Migration could be the biggest single issue many process and batch automation system end users face today. ARC Advisory Group estimates that the combined value of the installed base of automation systems now reaching the end of their useful lives is approximately $65 billion. This represents a big opportunity for end users in the chemical process industries and their automation suppliers alike.
In Part 1 of this three-part series, we discussed the driving forces for system migration. Here, in Part 2, we discuss several different approaches and the respective benefits and challenges of each approach.
Control System Migration Alternatives
When upgrading an outdated system, end users face a difficult choice – should they replace the system wholesale, or in phases over time? The single total replacement option for migration or upgrade involves replacing the entire outdated infrastructure all at once, eliminating all existing control system equipment and installing new equipment. Phased migration, on the other hand, involves a gradual migration over a predefined period, using a phased approach. The former can be more costly in terms of initial cost layout for hardware, software, labor, downtime and training. It can also involve the greatest amount of risk because you cannot go back to the old system if the new system does not perform as anticipated.
Rip and Replace versus Phased Migration
Operational or commercial requirements often force owner-operators to consider either a wholesale “rip and replace” migration, characterized by a single project event where the legacy system is removed and the target system is installed, or a “phased” migration where different levels of the legacy system are replaced by levels of the target system in phases over time.
Wholesale migration is straightforward and relatively simple to execute because it takes place in a single event. It will probably include a combination of primary alternatives, but is usually performed during a planned shutdown, with no need to accommodate intermediate components of the target system.
The hardware infrastructure, including wiring and I/O, can become embedded in the plant, making it very difficult and cost prohibitive to do a wholesale replacement of the system. Users also invest thousands of man-hours developing control code, graphics and documentation. Some form of intellectual property, whether it is a plant asset-management or information-management system, is also typically incorporated. Single total replacement makes it difficult to preserve this investment.

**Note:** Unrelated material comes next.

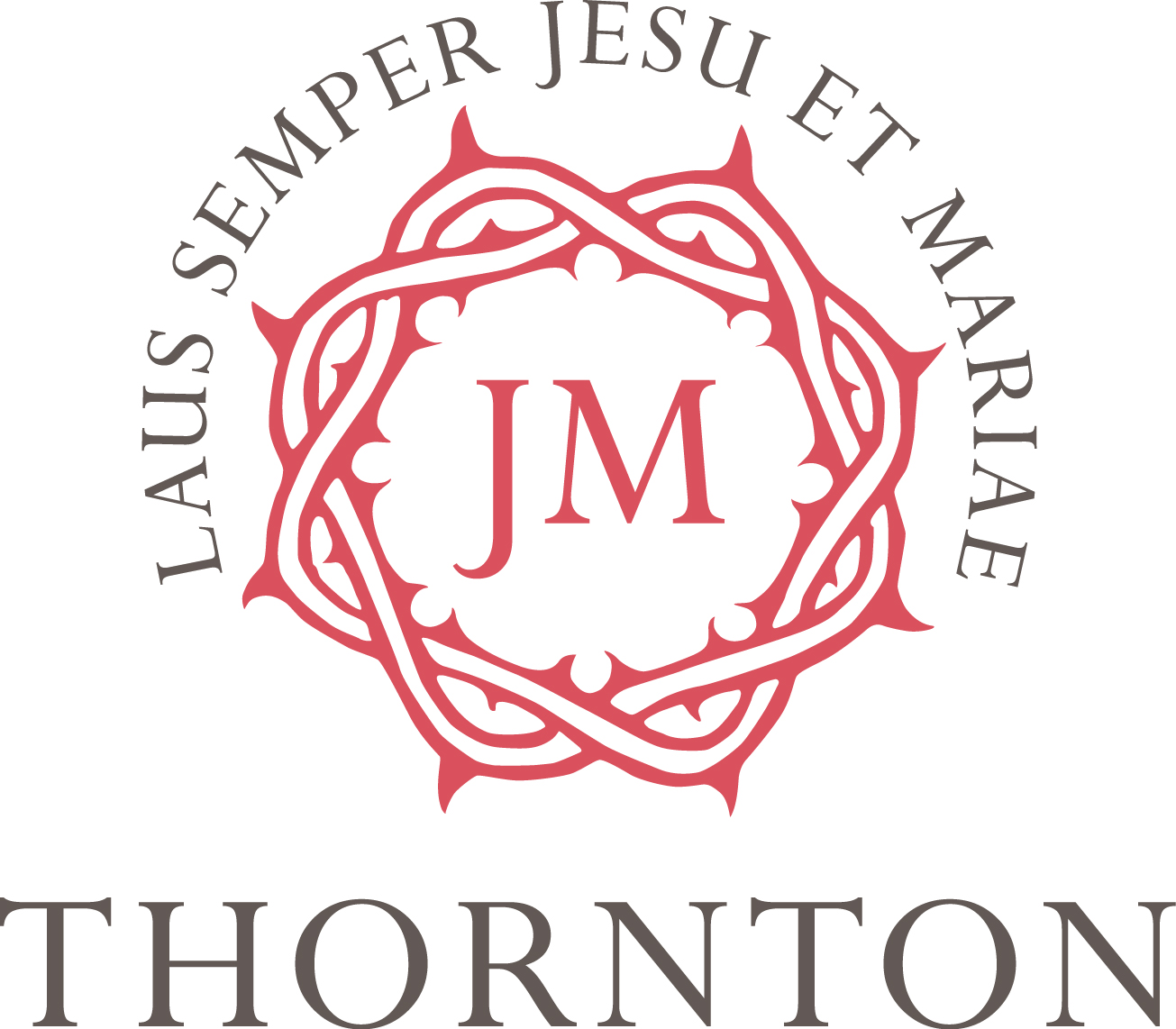 Thornton College logo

There are cases, however, where the user may want to consider a single total replacement approach. Primary factors driving this approach include availability of a time window during the regularly scheduled turnaround, the type of manufacturing process involved and the experience of the supplier and/or the system integrator partner involved in the project. When the circumstances are right, a single total replacement can be the fastest and possibly the least costly option because there is less downtime and less redundant labor compared to the aggregate cost of system evolution or migration in multiple phases. Another potential benefit of single total replacement is that it ensures a single, current generation of system and the associated reduced total cost of ownership (TCO).

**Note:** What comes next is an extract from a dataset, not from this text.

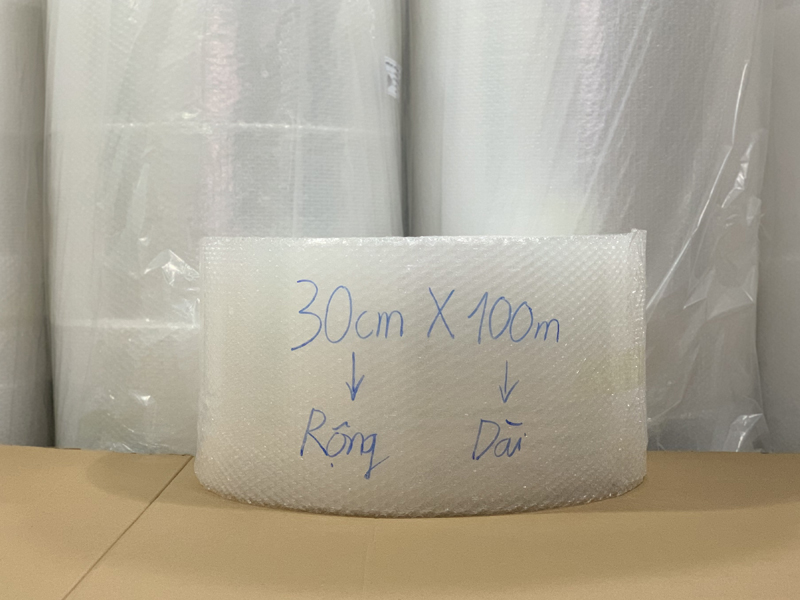 Mua xốp nổ tại Sóc Sơn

Migration During Scheduled Turnarounds
If you plan to do your migration project during a scheduled turnaround, the space between shutdowns could turn out to be a serious issue. If you do a phased migration during scheduled shutdowns, but your plant only shuts down once every two years, your migration project will probably be obsolete once it is complete. Unless the migration can be accomplished with no downtime as a hot cutover (or at a time outside of the scheduled shutdown), the single total replacement approach could be justified.
Manufacturing Process Dictates Approach
The type of manufacturing process can also dictate the appropriate migration strategy. For example, many batch process manufacturers have facilities with multiple production trains and a common preparation area. These multiple processing lines can also have dedicated finishing areas for each train. In many cases, the trains are flexible enough so that multiple products can be made on any train and turnarounds on these kinds of processing lines can be very infrequent, along the lines of every two years or so.